Program tax amnesty terus bergulir hingga kini. Dana yang kembali ke Indonesia paska penerapan kebijakan tax amnesty terus merangkak naik. Dana terakhir yang dipublikasikan oleh Direktorat Jenderal Pajak Kementerian Keuangan sebesar Rp 7,66 triliun. Apabila dipersentasekan, Kementerian Keuangan hanya mendapatkan total 0,76 persen dari target pemerintah yaitu Rp. 1.000 triliun. Walaupun target tersebut memiliki tenggat waktu hingga 31 Maret 2017, tetapi kelesuan kebijakan tersebut mulai terjadi. Selain kurang maksimalnya kinerja Kementerian Keuangan dalam melakukan sosialisasi, permasalahan lainnya yaitu kurang berminatnya konglomerat Indonesia terkait kebijakan pemerintah tersebut.

Permasalahan tersebut membuat Partai Amanat Nasional mempunyai keputusan untuk mendukung pemerintah dalam kebijakan ekonomi terbaru yaitu pemangkasan anggaran untuk APBN 2017. Sekretaris Jenderal PAN Eddy Soeparno berpendapat bahwa PAN tetap mendukung pemerintah atas kebijakan-kebijakan yang dikeluarkan, tetapi PAN tetap mempunyai catatan terkait proses berjalannya kebijakan pemerintah. Menurut Eddy, pemotong anggaran seharusnya tidak perlu terjadi apabila pemerintah bersikap realistis terkait dana repatriasi yang mampu diterima. Dari target dana pemerintah sebesar Rp 1.000 triliun, pria berkacamata tersebut menganggap dana repatriasi yang akan diterima sekitar Rp. 60-80 triliun. Selain itu, permasalahan utama yang di dapat pemerintah adalah sikap ambisius pemerintah tidak disertai dengan pelaksanaanya yang relatif kompleks, terutama dari aspek pembayaran tunai yang wajib dilakukan peserta tax amnesty.

Eddy Soeparno sendiri menganggap bahwa tax amnesty seharusnya mampu membawa angin segar dalam penyusunan APBN 2017 kedepan. Tetapi kebijakan tax amnesty yang berjalan hingga saat ini membuktikan bahwa target yang disusun oleh pemerintah terlalu muluk dan probabilitas pencapaiannya sangat rendah. Walaupun masih ada waktu hingga enam bulan ke depan, tetapi raihan 0,76% target dengan jangka waktu hampir dua bulan sejak kebijakan tersebut diluncurkan dapat dikatakan kurang maksimal.

Oleh karena itu, Eddy Soeparno menanggap kurang maksimalnya pendapatan dari dana repatriasi membuat pemerintah membuat langkah pemotongan anggaran APBN sebesar Rp 133 Triliun. Eddy berpandangan bahwa pemangkasan anggaran adalah langkah tepat pemerintah untuk menjaga kestabilan keuangan negara. Kestabilan tersebut terdiri dari kemampuan negara untuk mengelola utang pemerintah yang besar dengan cara memangkas anggaran negara untuk tahun depan.

Pengelolaan atas dana yang di tahun depan juga diharapkan mampu berjalan sesuai target dan efisien.
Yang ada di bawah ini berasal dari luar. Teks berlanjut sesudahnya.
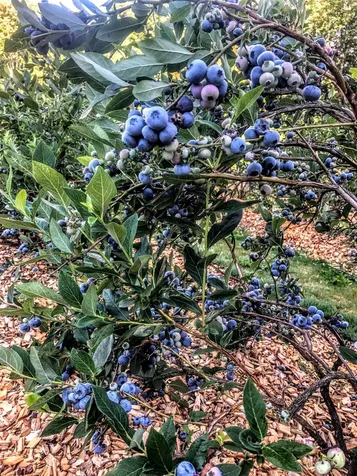 2557 Spaulding Road St. Johnsbury VT 05819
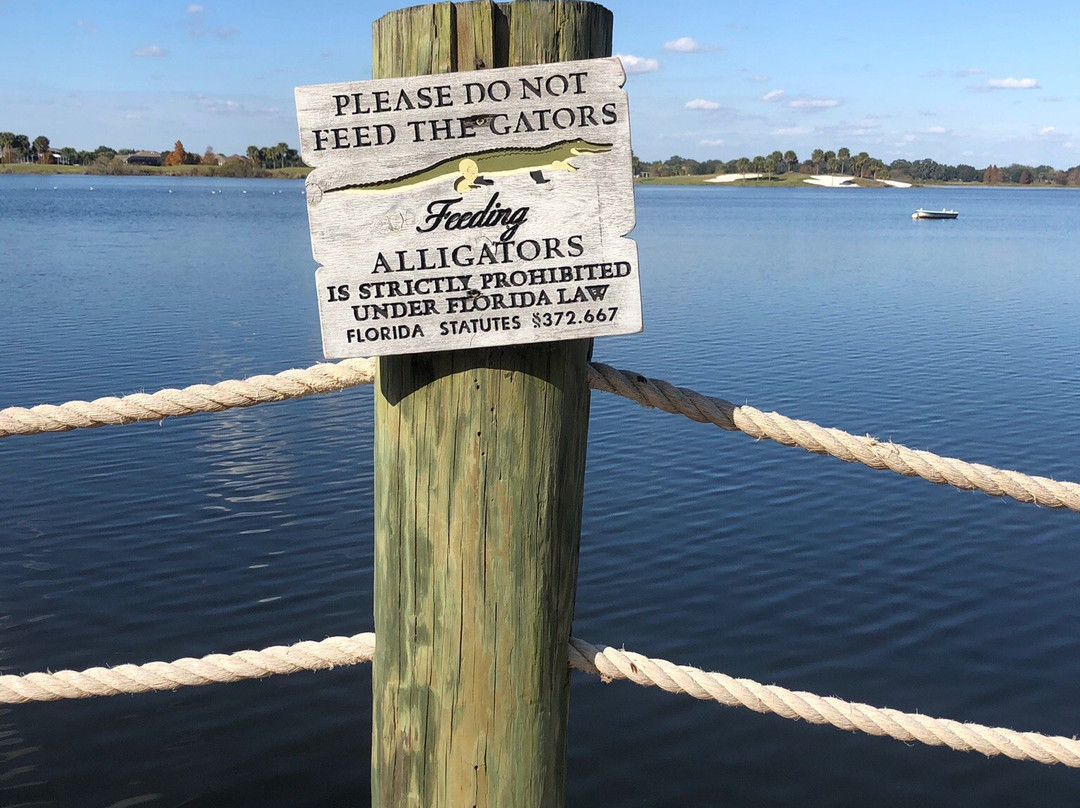 Lake Sumter Landing景点图片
Kebutuhan utama negara dalam penggunaan APBN seharusnya tidak menganggu aliran dana untuk pembangunan, khususnya infrastruktur wajib untuk menjaga pertumbuhan ekonomi tetap di atas lima persen.
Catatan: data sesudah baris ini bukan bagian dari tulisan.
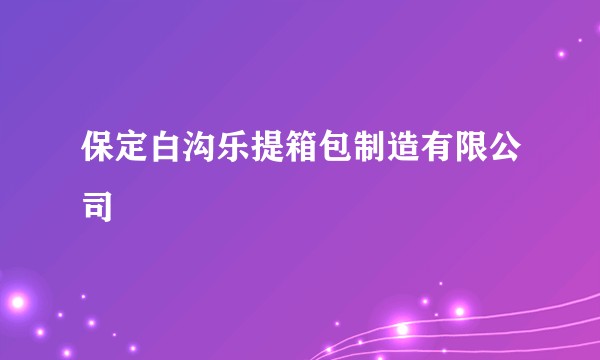 保定白沟乐提箱包制造有限公司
Selain itu, poin terpenting yang dipaparkan terkait kebijakan ekonomi pemerintah tersebut adalah penyusunan anggaran harus dilakukan secara teliti dan se-realistis mungkin dengan melihat fakta yang ada di lapangan. Eddy berpandangan bahwa dengan sikap realistis, maka penyusunan target akan lebih maksimal dan probabilitas pencapaian akan lebih maksimal. Eddy melihat bagaimana APBN pada tahun 2015 dan tahun 2016 tidak mampu mencapai target yang telah disepakati, terutama dalam sisi penerimaan negara.